I’m sympathetic to John Kerry when people call him a “flip flopper.” As an example of my own pathalogical flip flopping, look at my plans for this very Web site. Awhile back I said I was considering migrating to Movable Type. I installed Movable Type, I wrote a script to import my archives into it, and then I started hacking on the templates. Then I stopped and decided to just stick with what I have. A few weeks ago I decided to migrate to WordPress. I started hacking on the templates and working on an import script, then I stopped. My latest idea is to write a replacement for this package in Java, using Hibernate and the Spring framework. It’s going pretty well so far, and I have to say that from what I’ve seen up to this point, Spring is amazingly cool. Who knows whether I’ll finish the project, but if I do, I’ll stick it up on Sourceforge — I still have a project set up that was originally for the Perl/PHP stuff that powers this site. For my primary purpose — getting a feel for how Spring works without doing irreparable damage to the real projects I’m working on — the weblog software project is going great. The data model is based around the Atom API. I figured other people have already been doing the heavy lifting when it comes to weblog software data models, so it’s easier just to build on their work.
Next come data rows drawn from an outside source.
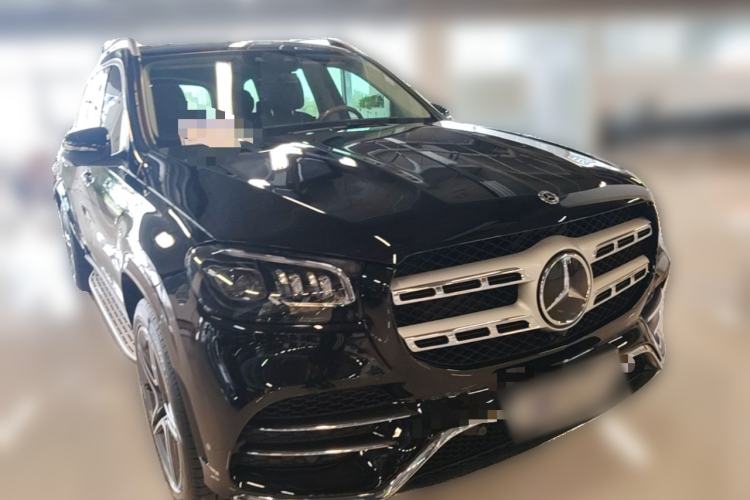 Used Mercedes-Benz GLS 2021 GLS 450 4MATIC Luxury Model Front Right 45 Deg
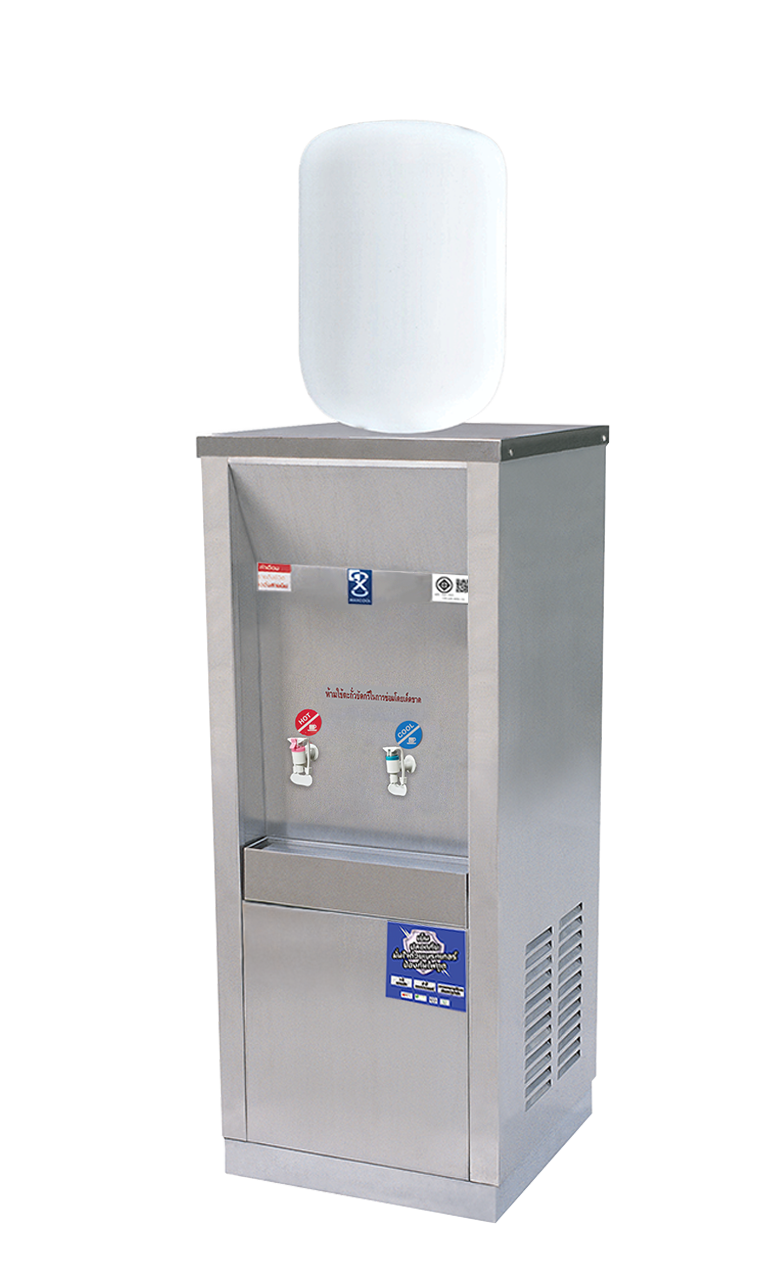ตู้ทำน้ำร้อน น้ำเย็นสแตนเลส แบบเติมน้ำ แผงร้อน รุ่น MCH-2PW-1 (ไม่รวมถังน้ำ)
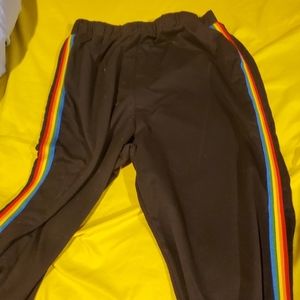Rainbow stripe lounge pant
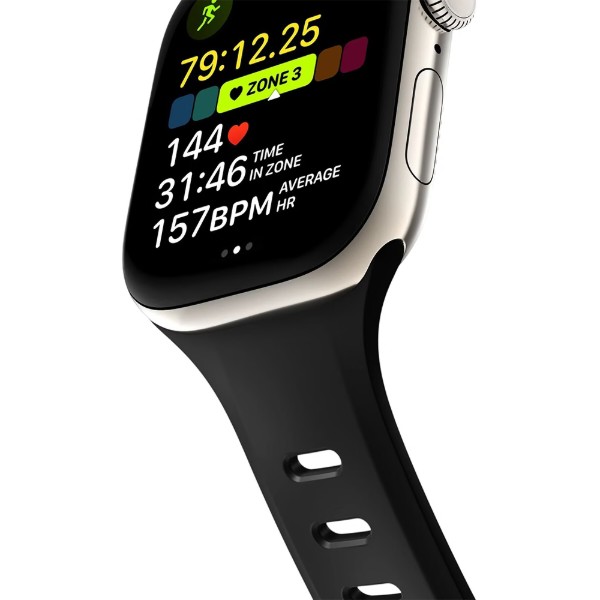 Фото - Ремінець для смарт-годинника Nomad Tempo Band Black 41mm/42mm (NM011406858)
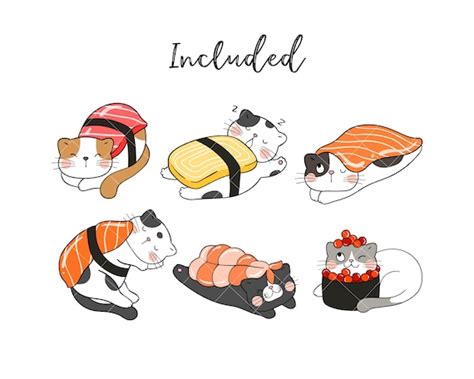 Cute Cat Sushi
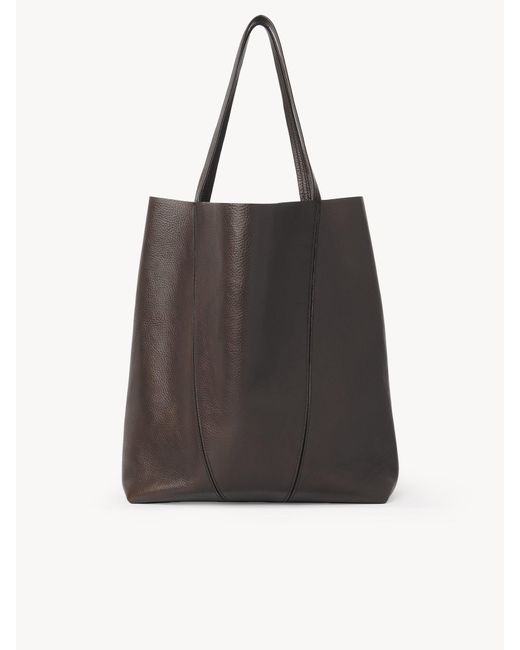 Chloé Brown Chloé Large Spin Tote Bag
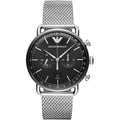 Chronograph Watch - Emporio Armani AR11104 Men's Aviator Silver Watch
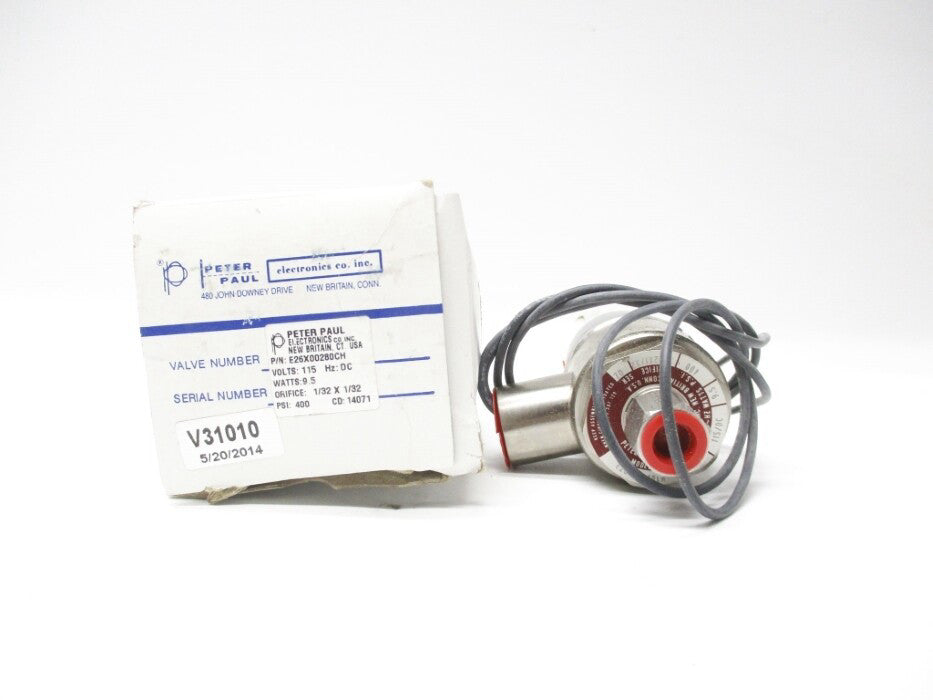 PETER PAUL E26X00280CH 115VDC 400PSI NSMP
As far as the Spring framework goes, there are a couple of things that stand out as huge wins right off the bat. The first is the wrapper for Hibernate. I thought Hibernate was already pretty clean as far as APIs go, but Spring makes Hibernate even easier to use. I recently read Effective Java by Joshua Bloch, and it led to a total rethinking of how I think about checked exceptions (versus runtime exceptions). Spring’s wrapper of Hibernate turns a lot of checked exceptions into unchecked exceptions, making things adhere more closely to my thinking on how exceptions should work (more on that later, along with a review of Effective Java). I can also vouch for the degree to which Spring eases the development of unit tests. I can already tell that this application is going to be much more suited to full coverage with unit tests than an application I’ve ever worked on, and that’s due to the architecture that Spring encourages. Overall I’m very pleased, and I expect to add Spring to my standard set of tools immediately. I haven’t explored the Spring MVC features yet, so I can’t tell how well they compete with Struts yet.